Directions for this task:
The listing below holds pictures; exclude them. Return exactly the lines from the one with "Bcojnlue Heavy-Duty Metal" through the one with "Boys Checkered Co-Ord".

Provided information:
▽
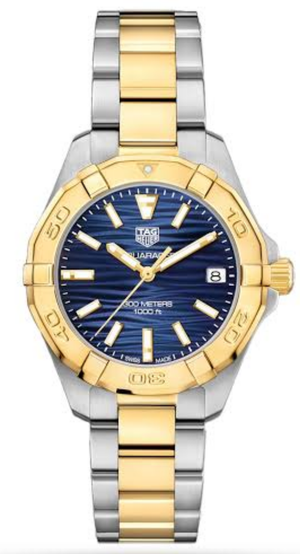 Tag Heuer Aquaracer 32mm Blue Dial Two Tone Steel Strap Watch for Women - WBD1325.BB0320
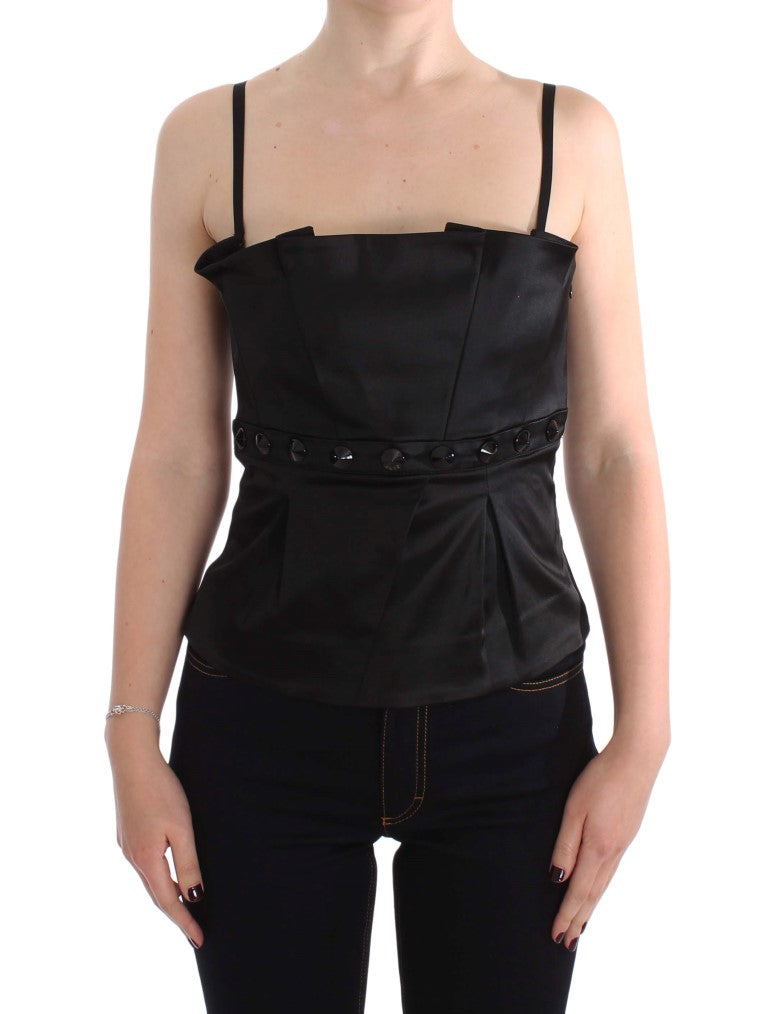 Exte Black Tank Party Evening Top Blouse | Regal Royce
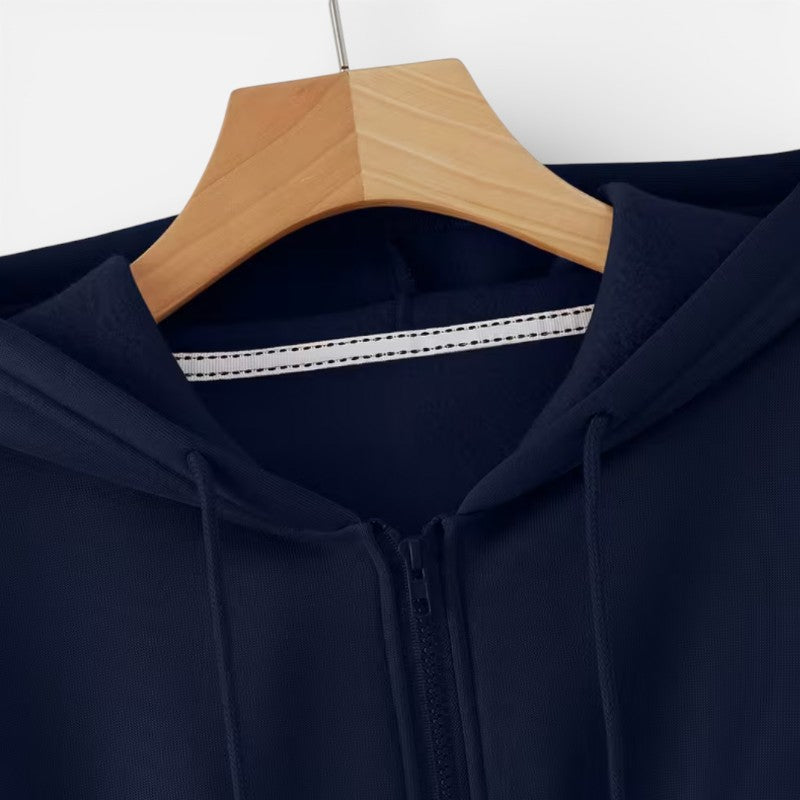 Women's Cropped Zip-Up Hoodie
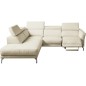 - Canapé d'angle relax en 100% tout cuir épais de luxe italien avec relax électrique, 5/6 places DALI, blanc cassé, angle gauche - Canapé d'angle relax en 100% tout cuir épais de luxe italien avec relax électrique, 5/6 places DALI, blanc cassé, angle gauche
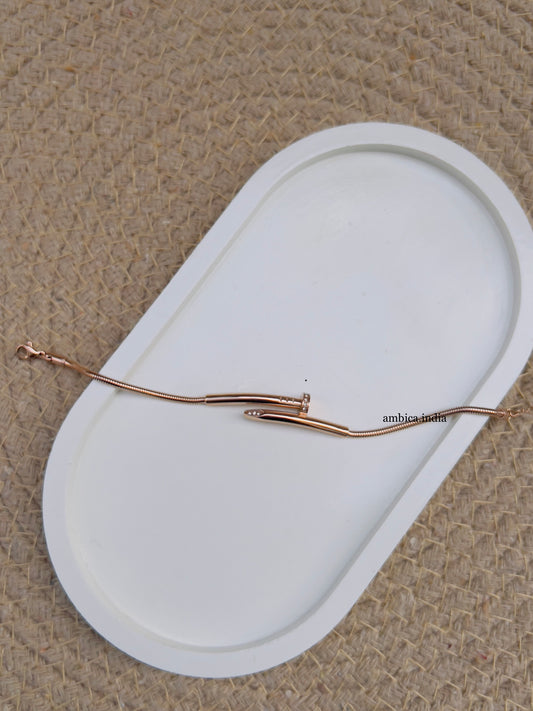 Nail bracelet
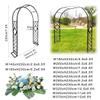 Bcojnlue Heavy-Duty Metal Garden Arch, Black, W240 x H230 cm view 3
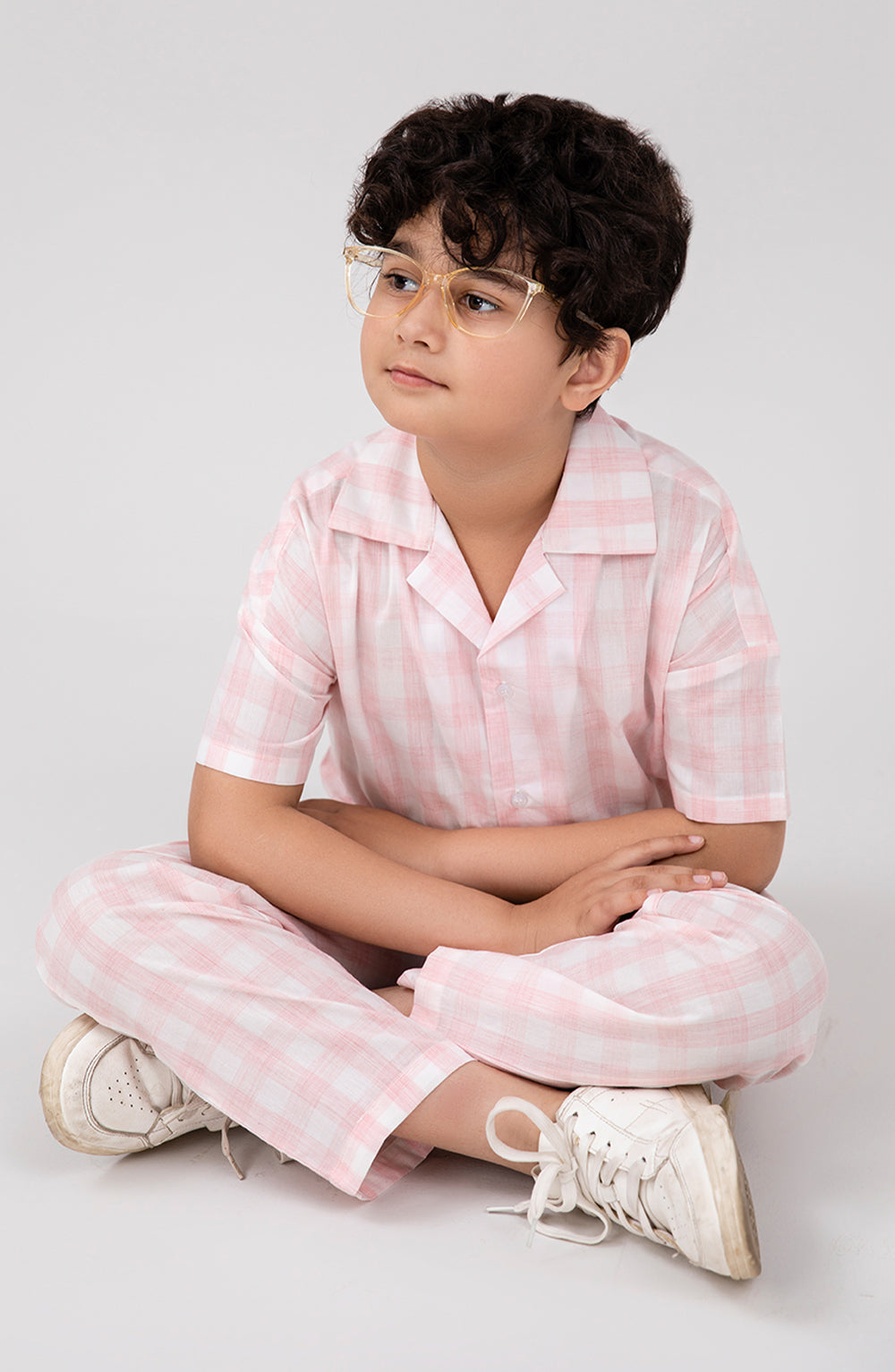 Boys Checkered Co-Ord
△
▽
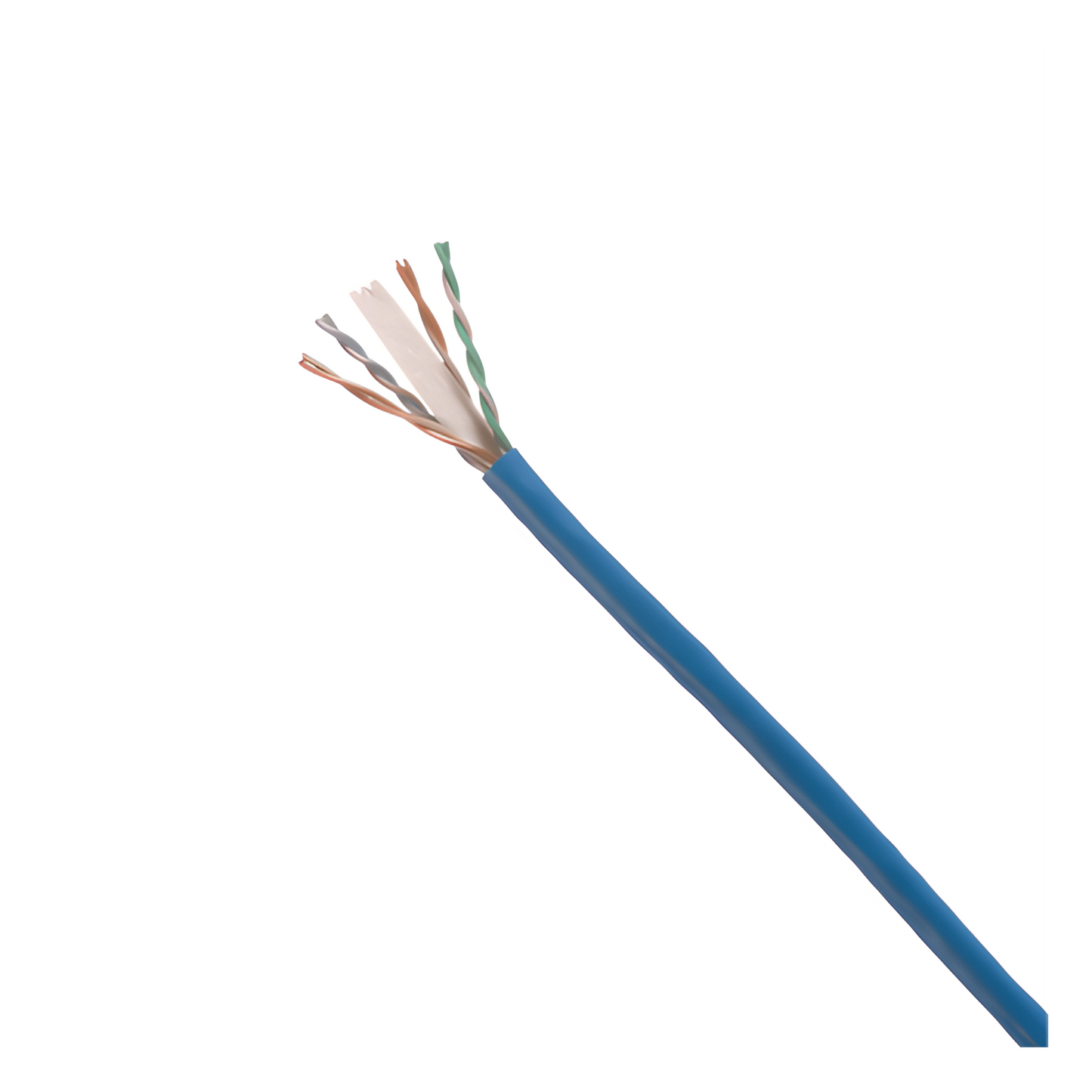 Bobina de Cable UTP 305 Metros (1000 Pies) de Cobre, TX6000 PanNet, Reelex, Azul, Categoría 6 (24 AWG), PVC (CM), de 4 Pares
△
Your response:
 Bcojnlue Heavy-Duty Metal Garden Arch, Black, W240 x H230 cm view 3
 Boys Checkered Co-Ord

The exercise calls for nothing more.